TASK DESCRIPTION
Whenever a line in the data holds the string "Small", copy that line.

DATASET EXTRACT
☆ ☆ ☆ ☆ ☆

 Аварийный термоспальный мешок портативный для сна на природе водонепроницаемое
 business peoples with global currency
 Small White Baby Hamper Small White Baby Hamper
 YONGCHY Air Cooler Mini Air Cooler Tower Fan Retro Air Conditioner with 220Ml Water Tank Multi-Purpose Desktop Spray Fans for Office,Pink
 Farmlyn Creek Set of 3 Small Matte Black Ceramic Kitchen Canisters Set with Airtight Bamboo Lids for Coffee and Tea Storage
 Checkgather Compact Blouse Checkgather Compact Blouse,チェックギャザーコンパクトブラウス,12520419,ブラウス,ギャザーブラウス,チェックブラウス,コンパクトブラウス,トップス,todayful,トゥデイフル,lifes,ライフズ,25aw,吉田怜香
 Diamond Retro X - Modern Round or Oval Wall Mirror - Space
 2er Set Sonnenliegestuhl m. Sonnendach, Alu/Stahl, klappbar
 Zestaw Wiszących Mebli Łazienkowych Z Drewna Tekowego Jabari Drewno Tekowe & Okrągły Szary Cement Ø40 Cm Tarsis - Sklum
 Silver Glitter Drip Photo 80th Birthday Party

☆ ☆ ☆ ☆ ☆

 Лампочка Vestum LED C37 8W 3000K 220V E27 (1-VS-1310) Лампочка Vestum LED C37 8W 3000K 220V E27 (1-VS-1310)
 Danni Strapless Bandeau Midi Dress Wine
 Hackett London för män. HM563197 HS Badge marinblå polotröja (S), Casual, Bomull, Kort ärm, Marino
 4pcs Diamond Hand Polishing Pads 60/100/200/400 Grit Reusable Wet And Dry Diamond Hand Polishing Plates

☆ ☆ ☆ ☆ ☆

REPLY TO THE EXERCISE
 Small White Baby Hamper Small White Baby Hamper
 Farmlyn Creek Set of 3 Small Matte Black Ceramic Kitchen Canisters Set with Airtight Bamboo Lids for Coffee and Tea Storage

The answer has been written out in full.